THE markets were undoubtedly taken aback on Friday when the State Bank announced a hike of 150 basis points in the key policy discount rate.

All expectations in the run-up to the announcement had hovered between 50 and 100bps, and it would be fair to say that hardly anybody expected a jump this big.

This is the single-largest hike in the key interest rate since the cycle of monetary tightening began in January this year. What makes the rate hike even more interesting is the volatile backdrop provided by the currency markets while the board meeting was under way and the decision under discussion.

It is a curious coincidence that the silent supports provided to the exchange rate were withdrawn on the very morning the board was to sit down to discuss the rate hike, and the markets gyrated as a background score to the discussions.

It is difficult to know how these two events might be connected, but there is one obvious link: an overvalued exchange rate necessarily calls for higher interest, else the economy risks running aground.

We may never know for certain whether or not the two events — the rate hike and the rupee depreciation — were directly linked.
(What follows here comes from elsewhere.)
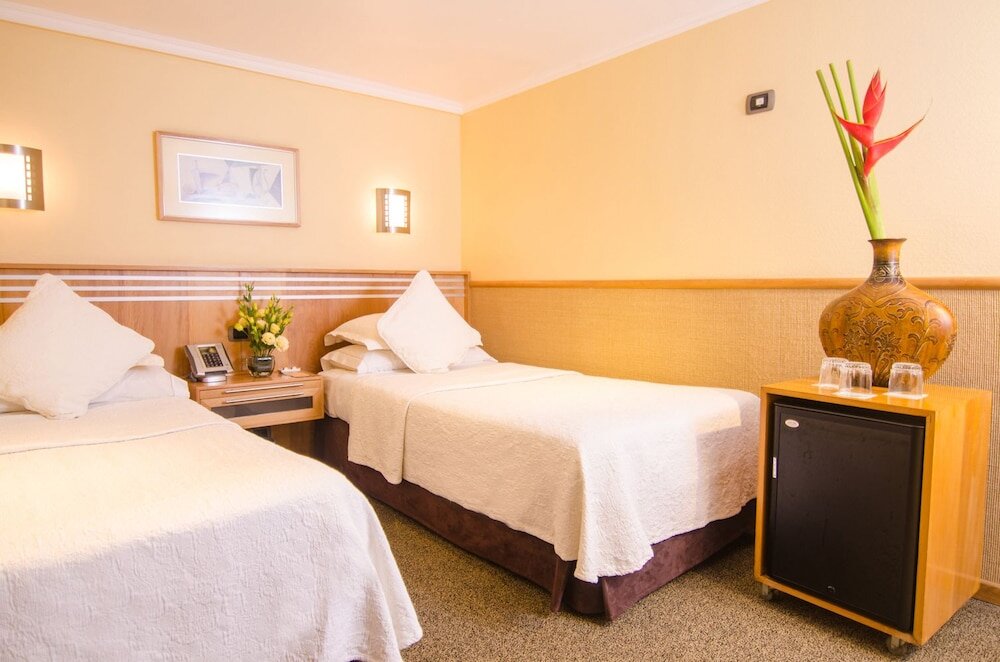 Standard chambre Hotel Ankara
But we know that speculative forces have been stoked by both events.

The markets have seen that the dollar can find buyers even at Rs145, and the business community now knows that interest rates might well be venturing deeper into double-digit territory in 2019.
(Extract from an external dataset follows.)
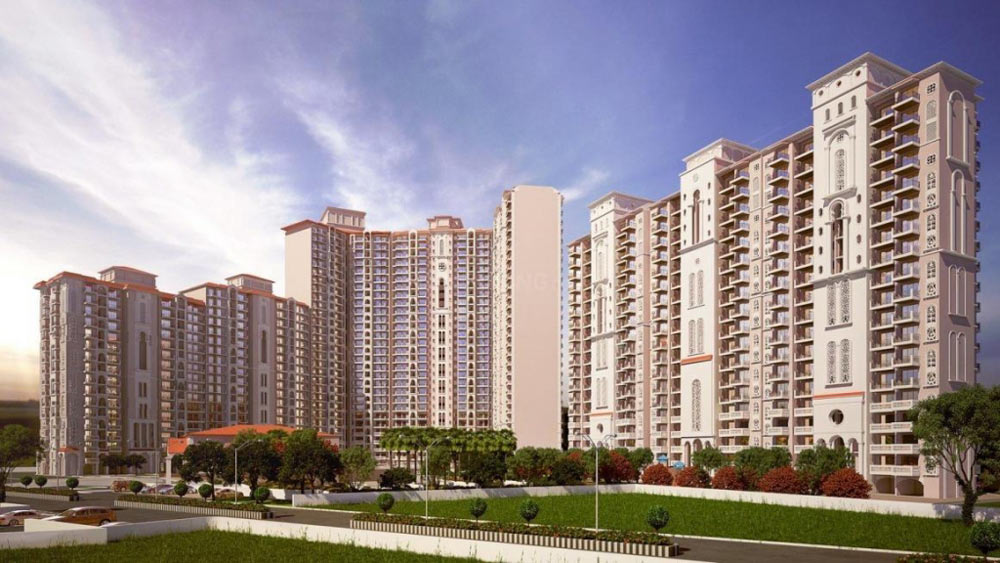 DLF Property In Noida For Your Modern Living
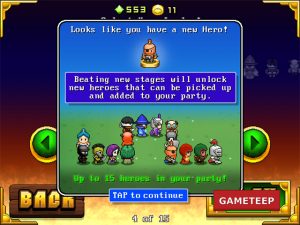 Nimble Quest Review Screenshot 5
Both cases work against a favourable investment environment.

As such, these events will serve as brakes on the growth rate, and play their part in fulfilling the very forecast that the State Bank itself advanced in the monetary policy statement — that the economy is set to see a “notable moderation” in the remaining months of the fiscal year.
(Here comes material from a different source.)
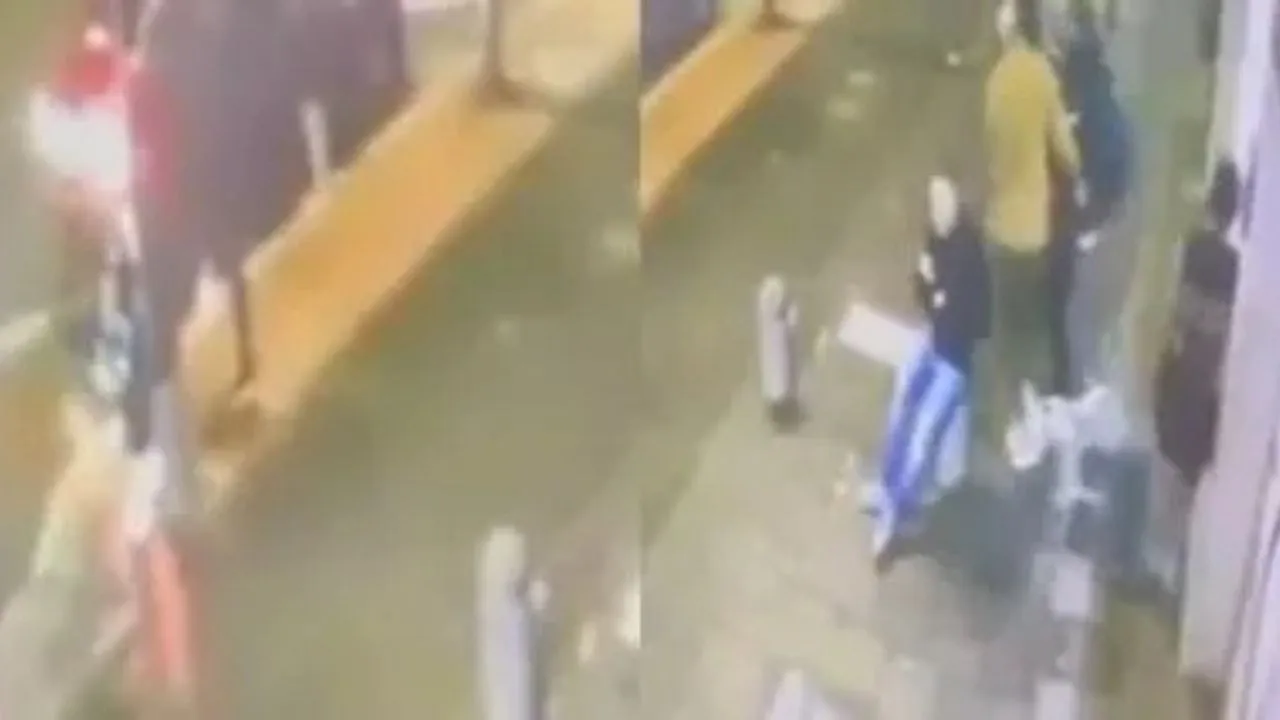 Sale a la luz video de Yulixa Toloza siendo sacada de clínica estética Imagen de Sale a la luz video de Yulixa Toloza siendo sacada de clínica estética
These are the beginnings of a large-scale stabilisation exercise that the government has to undertake sooner or later, and the deeper implications for growth and investment are now acquiring sharper focus.

The path forward, therefore, needs to also become clearer in the weeks ahead, as the combined impact of further depreciations and rate hikes could well trigger the very speculative forces that the bank is trying to contain.

These gyrations are not healthy and an unambiguous course of action needs to come into view soon.